Each node provides node-specific metrics, including metrics for services running on the node. Note that there is no metrics aggregation across nodes. The metrics publisher on each node listens on TCP port 9001. To access the metrics, connect to the node directly using its IP address. To discover the node’s IP address, you retrieve SRV records (or A records) for the discover.monitor.<compute_pool_name>.snowflakecomputing.internal hostname from DNS.

Services and jobs in your account can query IPs to retrieve metrics from nodes in a compute pool. The role needs either the OWNERSHIP or MONITOR privilege on the compute pool to access metrics.

Services and jobs can connect to each node’s metrics publisher using an HTTP GET request with the path /metrics. The body in the response provides the metrics using the Prometheus format as shown in the following example metrics:

Example:

# HELP spcs_node_allocatable Defines SPCS compute pool resources available on the node
# TYPE spcs_node_allocatable gauge
spcs_node_allocatable{resource="cpu",snow_containers_compute_pool_name="MY_POOL",snow_instance_family="CPU_X64_S",snow_node_id="775776fd"} 1
spcs_node_allocatable{resource="memory",snow_containers_compute_pool_name="MY_POOL",snow_instance_family="CPU_X64_S",snow_node_id="775776fd"} 7.21397383168e+09

Note that:

  • Each metric starts with # HELP and # TYPE to provide a short description and the type of the metric. In this example, the spcs_node_allocatable metric is of type gauge.

  • It is then followed by the metric’s name, a list of labels describing a specific resource (data point), and its value. In this example, the metric (named spcs_node_allocatable) provides CPU and memory information, indicating that the node has 1 CPU core that can be allocated and has 7.2 GB available memory. For example, the first CPU metrics includes these labels.

    resource="cpu",
    snow_containers_compute_pool_name="MY_POOL",
    snow_instance_family="CPU_X64_S",
    snow_node_id="775776fd"
    

You can process these metrics any way you choose; for example, you might store metrics in a database and use a UI to display the information. You might create a Grafana dashboard. For examples, see compute pool metrics tutorials.

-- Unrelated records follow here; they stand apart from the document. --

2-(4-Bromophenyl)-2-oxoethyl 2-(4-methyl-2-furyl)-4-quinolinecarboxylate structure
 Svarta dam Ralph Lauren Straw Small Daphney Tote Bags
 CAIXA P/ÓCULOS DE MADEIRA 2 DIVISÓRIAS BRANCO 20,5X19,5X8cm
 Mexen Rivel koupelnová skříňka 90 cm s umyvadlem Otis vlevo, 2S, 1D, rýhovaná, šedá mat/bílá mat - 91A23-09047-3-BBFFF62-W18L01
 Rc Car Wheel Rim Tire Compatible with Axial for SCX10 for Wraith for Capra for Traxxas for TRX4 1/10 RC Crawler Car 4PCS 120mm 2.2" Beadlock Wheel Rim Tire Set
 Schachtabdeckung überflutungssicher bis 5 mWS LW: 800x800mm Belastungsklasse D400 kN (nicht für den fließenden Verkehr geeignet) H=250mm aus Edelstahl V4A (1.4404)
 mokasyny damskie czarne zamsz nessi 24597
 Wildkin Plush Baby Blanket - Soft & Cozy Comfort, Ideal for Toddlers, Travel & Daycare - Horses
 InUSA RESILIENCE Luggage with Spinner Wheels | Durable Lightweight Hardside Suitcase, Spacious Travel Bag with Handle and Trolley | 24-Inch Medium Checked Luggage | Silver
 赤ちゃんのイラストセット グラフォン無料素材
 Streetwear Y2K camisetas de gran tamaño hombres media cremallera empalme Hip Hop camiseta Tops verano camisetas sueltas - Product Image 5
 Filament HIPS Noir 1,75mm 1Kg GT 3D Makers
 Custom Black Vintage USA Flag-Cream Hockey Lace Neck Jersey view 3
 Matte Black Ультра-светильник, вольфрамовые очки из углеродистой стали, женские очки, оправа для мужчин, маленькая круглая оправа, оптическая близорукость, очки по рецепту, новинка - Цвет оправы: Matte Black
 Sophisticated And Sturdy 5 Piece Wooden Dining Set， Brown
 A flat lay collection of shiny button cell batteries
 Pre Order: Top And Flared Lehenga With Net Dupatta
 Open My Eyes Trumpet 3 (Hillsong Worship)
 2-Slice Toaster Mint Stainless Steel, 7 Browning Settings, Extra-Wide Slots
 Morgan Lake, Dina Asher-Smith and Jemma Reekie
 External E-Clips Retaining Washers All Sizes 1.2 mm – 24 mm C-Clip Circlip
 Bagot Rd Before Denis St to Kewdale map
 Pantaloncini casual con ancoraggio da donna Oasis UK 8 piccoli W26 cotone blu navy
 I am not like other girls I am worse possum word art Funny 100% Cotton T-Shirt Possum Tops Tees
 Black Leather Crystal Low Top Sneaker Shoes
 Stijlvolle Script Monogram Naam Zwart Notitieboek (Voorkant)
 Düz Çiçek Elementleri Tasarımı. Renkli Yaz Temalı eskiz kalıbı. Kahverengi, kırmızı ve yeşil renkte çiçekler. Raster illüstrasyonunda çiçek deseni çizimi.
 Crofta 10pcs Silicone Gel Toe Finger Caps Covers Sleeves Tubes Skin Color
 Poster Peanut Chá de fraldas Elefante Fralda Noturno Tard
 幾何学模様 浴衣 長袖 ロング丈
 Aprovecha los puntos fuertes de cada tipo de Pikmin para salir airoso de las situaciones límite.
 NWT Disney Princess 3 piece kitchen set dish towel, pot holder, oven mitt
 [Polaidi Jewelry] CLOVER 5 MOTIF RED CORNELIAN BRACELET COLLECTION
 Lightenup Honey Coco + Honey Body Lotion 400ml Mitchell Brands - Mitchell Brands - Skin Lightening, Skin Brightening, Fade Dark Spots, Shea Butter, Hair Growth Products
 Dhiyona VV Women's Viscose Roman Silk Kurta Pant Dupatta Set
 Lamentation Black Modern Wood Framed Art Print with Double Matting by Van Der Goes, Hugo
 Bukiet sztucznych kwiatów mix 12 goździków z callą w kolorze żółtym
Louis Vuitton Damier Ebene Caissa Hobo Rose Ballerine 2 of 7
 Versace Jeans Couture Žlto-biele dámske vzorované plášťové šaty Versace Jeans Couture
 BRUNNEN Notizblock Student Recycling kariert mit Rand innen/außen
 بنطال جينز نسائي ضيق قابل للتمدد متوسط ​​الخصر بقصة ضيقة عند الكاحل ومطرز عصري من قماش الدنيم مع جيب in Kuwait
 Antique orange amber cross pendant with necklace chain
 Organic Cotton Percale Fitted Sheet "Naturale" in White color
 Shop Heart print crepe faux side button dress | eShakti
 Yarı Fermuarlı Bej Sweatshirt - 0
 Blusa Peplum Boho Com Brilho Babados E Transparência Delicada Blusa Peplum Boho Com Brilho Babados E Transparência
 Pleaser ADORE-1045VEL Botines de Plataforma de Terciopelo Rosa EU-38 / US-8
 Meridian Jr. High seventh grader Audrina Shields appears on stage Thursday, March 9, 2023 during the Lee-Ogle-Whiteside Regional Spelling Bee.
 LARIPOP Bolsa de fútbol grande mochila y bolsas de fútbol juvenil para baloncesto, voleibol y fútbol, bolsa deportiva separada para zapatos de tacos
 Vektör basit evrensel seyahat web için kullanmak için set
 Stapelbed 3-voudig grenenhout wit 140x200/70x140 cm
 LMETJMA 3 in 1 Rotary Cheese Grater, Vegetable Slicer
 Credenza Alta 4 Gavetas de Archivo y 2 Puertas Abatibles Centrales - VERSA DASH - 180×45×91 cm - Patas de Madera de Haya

For a list of available compute pool metrics, see List of available metrics.

General guidelines

The following guidelines apply when working with compute pool metrics:

  • In order for you to access the metrics for a compute pool, the compute pool must have a DNS-compatible name.

  • The endpoint exposed by a compute pool can be accessed only by roles that have the OWNERSHIP or MONITOR privilege on the compute pool.

List of available metrics

Each compute pool publishes a set of metrics about the nodes in the compute pool and the containers running in that compute pool. You can create a service to monitor these metrics. For examples, see the Compute pool metrics tutorials.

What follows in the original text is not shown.